TRY IT. Which lines below contain the word "Apartments"? Copy each of them.

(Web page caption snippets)

'''

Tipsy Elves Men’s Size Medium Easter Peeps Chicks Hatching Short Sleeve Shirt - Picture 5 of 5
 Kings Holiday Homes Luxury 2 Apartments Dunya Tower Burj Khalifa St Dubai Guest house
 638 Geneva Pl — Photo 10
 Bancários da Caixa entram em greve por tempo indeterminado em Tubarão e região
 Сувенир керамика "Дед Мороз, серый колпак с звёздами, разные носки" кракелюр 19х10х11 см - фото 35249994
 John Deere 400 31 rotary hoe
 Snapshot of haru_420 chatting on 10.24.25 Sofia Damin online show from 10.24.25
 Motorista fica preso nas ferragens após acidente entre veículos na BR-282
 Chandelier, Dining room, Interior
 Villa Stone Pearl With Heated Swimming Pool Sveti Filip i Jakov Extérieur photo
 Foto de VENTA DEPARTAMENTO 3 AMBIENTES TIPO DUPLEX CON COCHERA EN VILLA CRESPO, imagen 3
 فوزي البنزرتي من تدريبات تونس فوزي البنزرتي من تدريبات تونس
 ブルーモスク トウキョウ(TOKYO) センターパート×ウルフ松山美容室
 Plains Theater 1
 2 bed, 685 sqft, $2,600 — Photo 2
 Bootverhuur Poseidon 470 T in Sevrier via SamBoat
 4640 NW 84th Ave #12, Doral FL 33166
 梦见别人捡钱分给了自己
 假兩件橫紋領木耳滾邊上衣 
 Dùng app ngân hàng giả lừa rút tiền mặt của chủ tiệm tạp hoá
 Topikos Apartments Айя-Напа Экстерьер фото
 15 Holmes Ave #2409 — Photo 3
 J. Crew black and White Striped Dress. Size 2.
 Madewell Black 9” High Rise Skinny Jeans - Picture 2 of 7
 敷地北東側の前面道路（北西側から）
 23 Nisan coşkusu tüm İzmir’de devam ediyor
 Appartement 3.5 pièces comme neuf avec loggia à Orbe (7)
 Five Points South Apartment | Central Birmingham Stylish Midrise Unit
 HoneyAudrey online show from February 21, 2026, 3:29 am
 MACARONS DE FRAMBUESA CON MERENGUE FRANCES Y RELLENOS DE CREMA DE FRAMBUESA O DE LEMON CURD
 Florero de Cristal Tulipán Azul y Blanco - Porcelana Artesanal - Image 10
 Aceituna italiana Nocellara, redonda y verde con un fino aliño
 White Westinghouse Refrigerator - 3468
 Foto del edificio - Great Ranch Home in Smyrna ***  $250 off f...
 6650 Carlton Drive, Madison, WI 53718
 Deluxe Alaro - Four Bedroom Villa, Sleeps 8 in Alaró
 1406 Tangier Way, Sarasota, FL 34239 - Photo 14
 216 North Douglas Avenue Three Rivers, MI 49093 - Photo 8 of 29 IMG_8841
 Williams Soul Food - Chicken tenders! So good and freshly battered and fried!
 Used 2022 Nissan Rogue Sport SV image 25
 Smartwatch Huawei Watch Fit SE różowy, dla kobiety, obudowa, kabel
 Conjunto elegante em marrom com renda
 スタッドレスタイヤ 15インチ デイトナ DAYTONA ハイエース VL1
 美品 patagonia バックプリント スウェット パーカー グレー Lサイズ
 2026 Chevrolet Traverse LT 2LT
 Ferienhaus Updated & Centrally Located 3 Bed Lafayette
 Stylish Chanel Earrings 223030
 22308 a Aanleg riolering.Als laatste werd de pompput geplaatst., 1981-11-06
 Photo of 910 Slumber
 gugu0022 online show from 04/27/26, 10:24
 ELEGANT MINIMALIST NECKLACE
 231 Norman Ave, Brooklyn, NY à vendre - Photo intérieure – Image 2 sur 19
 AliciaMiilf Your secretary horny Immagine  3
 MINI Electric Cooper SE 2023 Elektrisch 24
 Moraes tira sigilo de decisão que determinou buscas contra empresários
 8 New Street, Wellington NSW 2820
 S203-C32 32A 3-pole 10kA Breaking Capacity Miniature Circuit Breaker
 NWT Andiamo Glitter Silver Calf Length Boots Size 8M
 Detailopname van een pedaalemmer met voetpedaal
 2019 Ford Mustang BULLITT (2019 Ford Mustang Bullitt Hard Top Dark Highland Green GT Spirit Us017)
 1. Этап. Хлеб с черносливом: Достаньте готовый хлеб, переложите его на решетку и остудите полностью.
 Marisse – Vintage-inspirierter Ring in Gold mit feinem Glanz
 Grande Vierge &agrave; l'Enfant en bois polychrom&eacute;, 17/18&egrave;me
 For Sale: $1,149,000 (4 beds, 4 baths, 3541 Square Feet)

'''

RESPONSE AREA.
 Kings Holiday Homes Luxury 2 Apartments Dunya Tower Burj Khalifa St Dubai Guest house
 Topikos Apartments Айя-Напа Экстерьер фото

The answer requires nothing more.